I hope that i am posting this in the right forum. I just found this website and am so impressed with the amount of support that is offered here! I don't need support, I just need some anonymous ears to listen.
I am wondering if this happens with everyone or if it is just me. I was always large. I am 6' tall and at my heaviest (in 2005), I weighed 307lbs. That is when I joined Weight Watchers. I stayed on WW for around 8 months and ended up losing over 100 lbs (I weighed 198 lbs). I was ecstatic!!! I looked great and people were complimenting me all the time. It was wonderful. Then I fell off the wagon and figured that I could self-adjust my food intake. Wrong.
I gained back about 20 pounds within a couple of months and just kept yo-yo-ing with the 20 pounds. Then I moved, and gained another 40 lbs.
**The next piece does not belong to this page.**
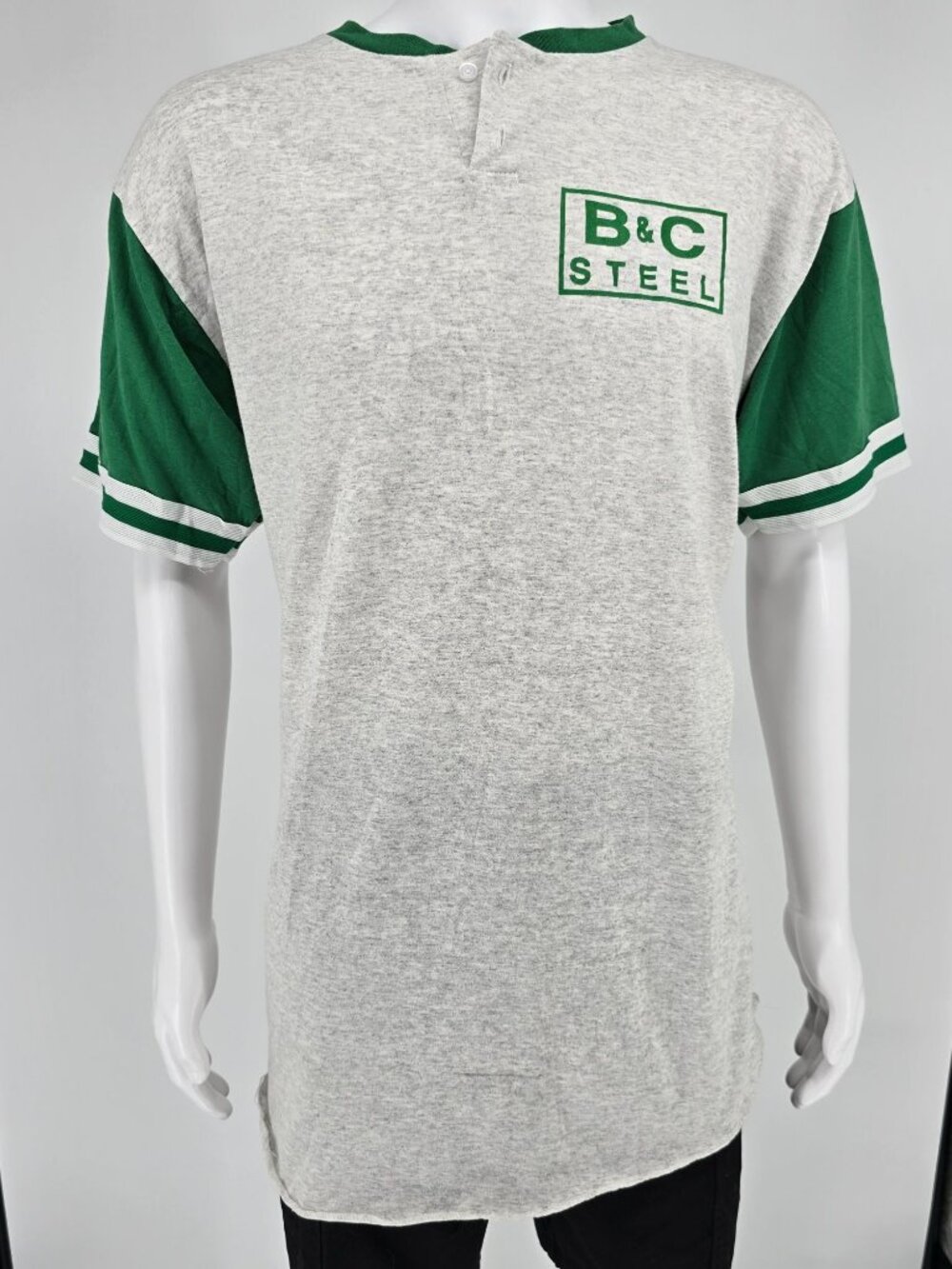 Vintage 1980s Jesco B&C Steel Nebraska #15 Henley Jersey T-Shirt (L/XL)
Last year, I decided to take the bull by the horns and go back to WW. I ended up back down to 187 lbs. And then the cycle repeated itself.
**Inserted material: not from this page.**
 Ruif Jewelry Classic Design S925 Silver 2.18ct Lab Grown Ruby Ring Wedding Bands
I am not a journal keeper, but when I realized that nothing in my closet fit me anymore, I had to get my feelings out somehow, so i wrote this:
Letting Yourself Go
Last May, I decided to take charge of my weight and start attending and following the Weight Watcher’s weight-loss plan. Things worked splendidly and I ended up losing around 45 pounds by September of that year. I looked and felt great. I would get stares from people everytime I left my house. I had beautiful clothes that matched my beautiful new figure. Then I let myself go.
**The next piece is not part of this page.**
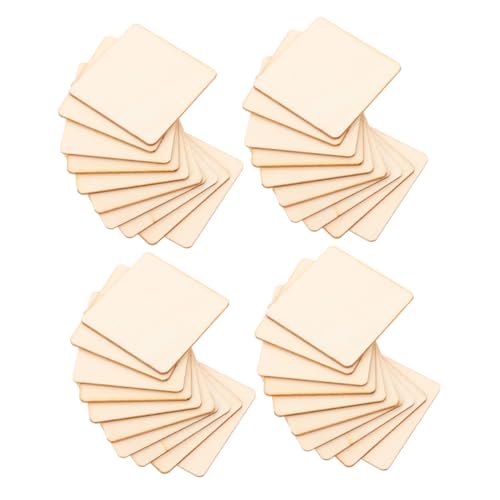 OSALADI 200 Stück Unbehandelte Quadratische Holzstücke Natürliche Blanko Holzscheiben für DIY Bastelarbeiten Malen Gravieren und Dekoration Kompakte Holzplatten für Kreative Projekte von OSALADI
I met a wonderful man. The man that I have been waiting for my whole life. After meeting him, I would rather have spent time cuddled up with him on the couch than being active outside. I would have rather watched him cook great meals for me than make my own healthy meals for us. 5 months later I have gained those 45 pounds back and then some.
I went to Wal-Mart yesterday and bought a WW magazine. I picked it up today and started reading about all the success stories that has occurred with people on the WW program. I broke down. I gave up on myself. I let myself go.
I am so disgusted by what I see in the mirror. I know that I have a beautiful face. My body, on the other hand, is disgusting. I can’t fit into my pants. All of the clothes in my closet fit a much smaller person. When I was losing my weight, I would systematically purge my closet of my fat clothes. Now I am a fat person with all skinny clothes. And the more I see them, the more I hate myself for losing what I had.
I go to the stores and try to find something that fits, accentuates, hides, lifts, seperates, makes me appear 50 pounds lighter than what I really am. So far, I haven’t found it. The more weight I gain, the more makeup I use. I figure that the best way for people not to notice my weight gain is to look at my face and notice my beauty. I just end up looking overdone.
I called mu boyfriend today and ended up crying about how upset I am with myself. Tomorrow he is bringing over a weight loss program that is supposed to turn my body around in 90 days. It sounds hopeful and will definitely not be easy. I am willing to give it a try. Anything is better than looking the way I do. I want to fit into my small clothes again. I want to be hot again. I want to stop letting myself go and take control again. Why is this so hard?
So I am just wondering....is anyone else going through this? has anyone worked through these feelings??? I know that this is a long post, but I need to get it out there. I just started the new weight loss program and hope (well, pray) that this is the one that sticks. Thanks for lending your ears!